(778f) Kinetics Studies On the Hydrodeoxygenation of Propionic Acid Over Supported Monometallic and Bimetallic Catalysts
- Conference: AIChE Annual Meeting
- Year: 2013
- Proceeding: 2013 AIChE Annual Meeting
- Group: Catalysis and Reaction Engineering Division
- Time: Friday, November 8, 2013 - 10:10am-10:30am
The unceasing demand of energy and the need to develop a more efficient process for the conversion of biomass to bio-fuels, has prompted a move towards novel catalytic techniques. We report a catalytic gas-phase hydrodeoxygenation (HDO) of carboxylic acid (i.e.
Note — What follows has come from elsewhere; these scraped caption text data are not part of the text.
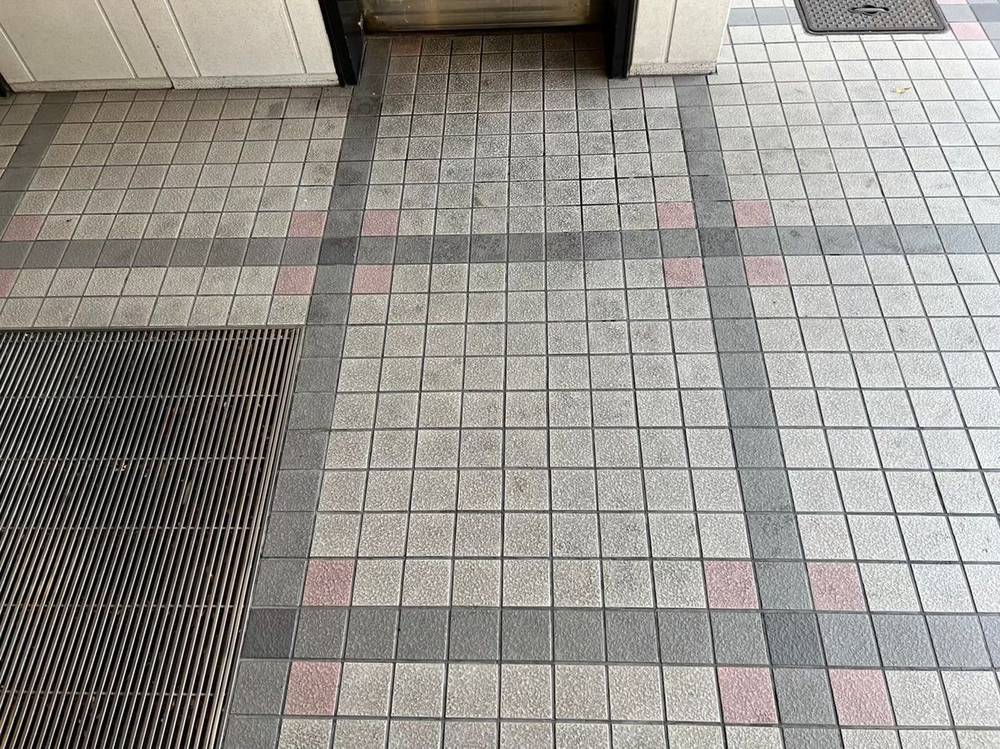 ビルのエントランスのタイル床（定期清掃前）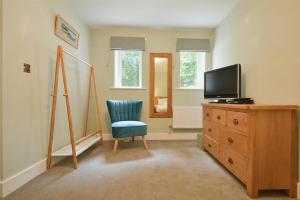 a room with a tv and a chair and a dresser at The Lodge Alnwick in Alnwick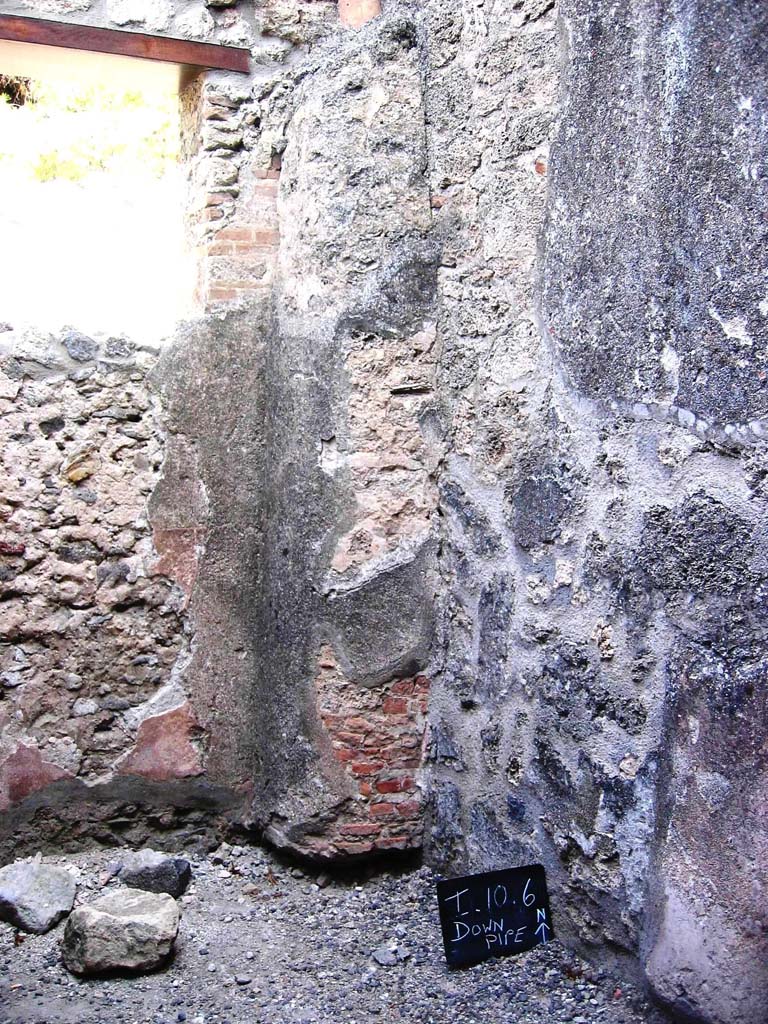 I.10.6 Pompeii. July 2008.
Looking towards north-east corner, with downpipe from upper room. Photo courtesy of Barry Hobson.
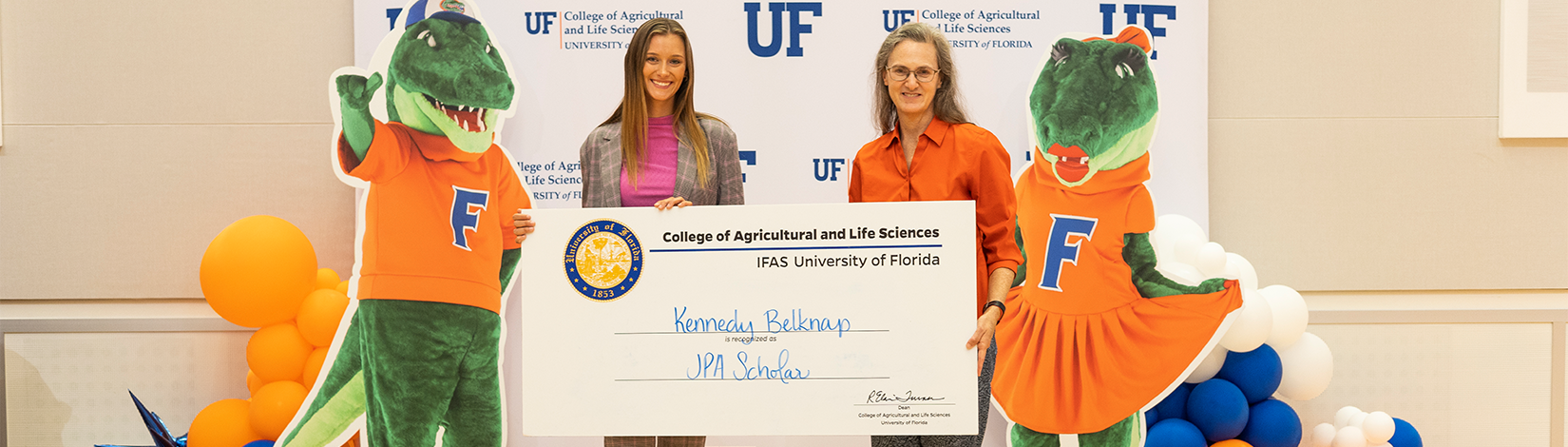 Dean Turner poses with student who is receiving a CALS Scholarship. 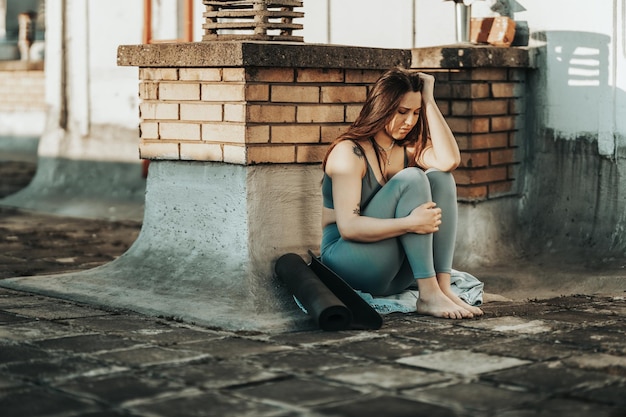 Jovem em depressão sente-se com os joelhos abraçados perdidos em maus pensamentos pessimistas e preparando-se para treinar em um terraço na cobertura.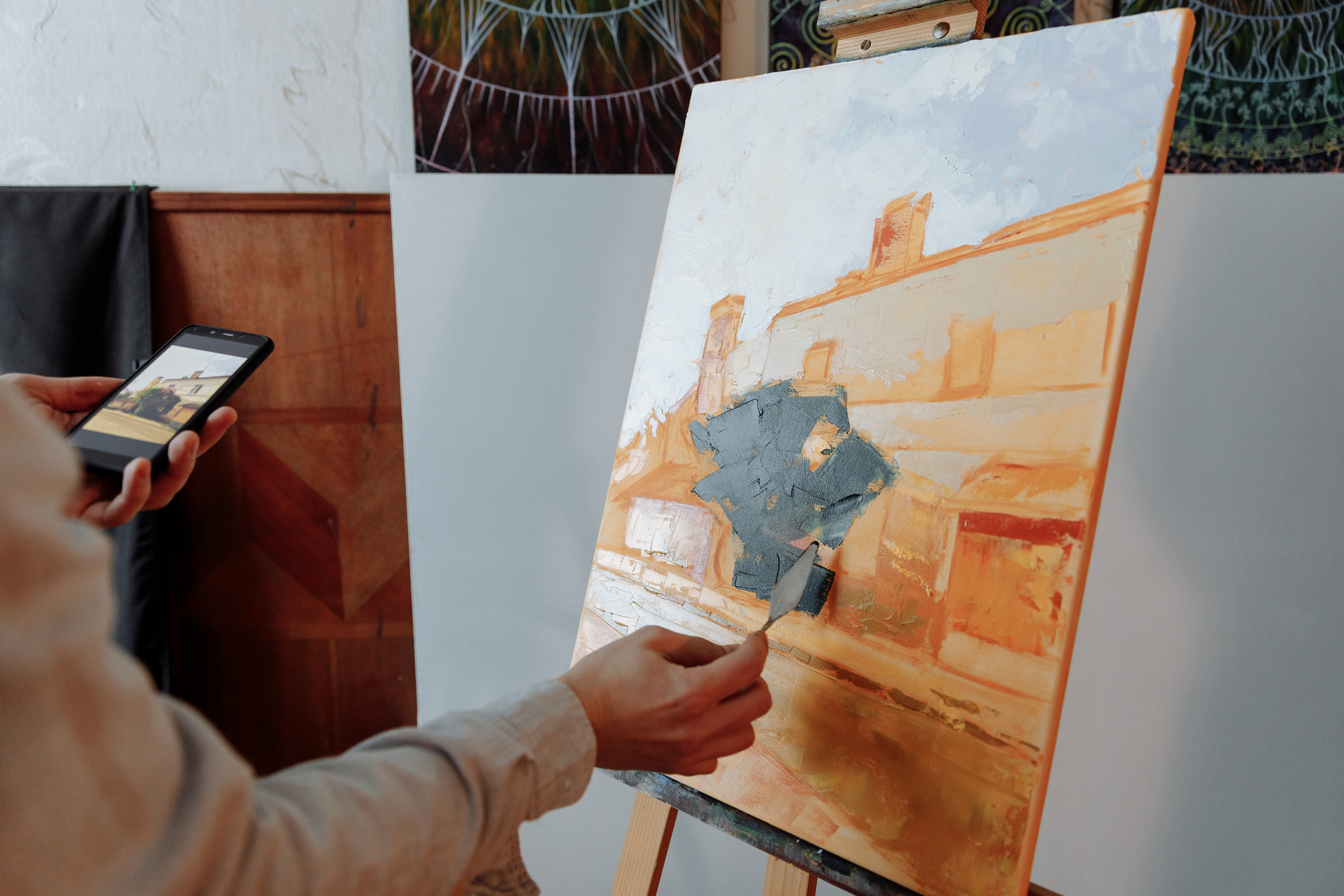 A Person Painting on a Canvas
Propionic Acid), to produce hydrocarbons over two different Pd catalysts supported on carbon and silica, and a series of bimetallic systems of Ag-Pd. The reaction studies were carried out in a single-pass plug flow reactor, where PAc is co-fed with hydrogen at temperatures ranges of (200-400ºC) and atmospheric pressure. Pd/C showed high activity and selectivity towards ethane, indicating that the reaction favored the C-OH bond cleavage based on decarbonylation (DCN) and decarboxylation (DCX) reactions. Similarly, Pd/SiO2, showed to be selective towards ethane and propionaldehyde, indicating DCN and hydrogenation reactions. The TOF values decrease in the following the order: Pd/SiO2 >Pd/C, suggesting that the particle size and/or support plays an important role in the activity of the catalyst. A detailed kinetic study for the HDO of PAc showed that both Pd/C and Pd/SiO2, exhibited an apparent reaction order for PAc and H2 of half and zero order, respectively. The corresponding activation energies of Pd/C was higher (17 ± 0.6 kcal/mole) compared to Pd/SiO2 (12 ± 0.7 kcal/mole), due to a higher catalytic activity. A series of bimetallic systems were examined, to explore the structure and activity for the HDO of PAc. The addition of Ag, has a significant ensemble size effect for Pd/C and Pd/SiO2 catalysts. A correlation between the structural properties and the catalytic performance at different coverage of Ag was established. The catalysts were characterized utilizing Fourier transform infrared spectroscopy (FTIR), Transmission Electron Microscopy (TEM), Temperature Programmed Oxidation and Reduction TPO/TPR, Atomic Absorption and H2 titration of oxygen pre-covered catalyst.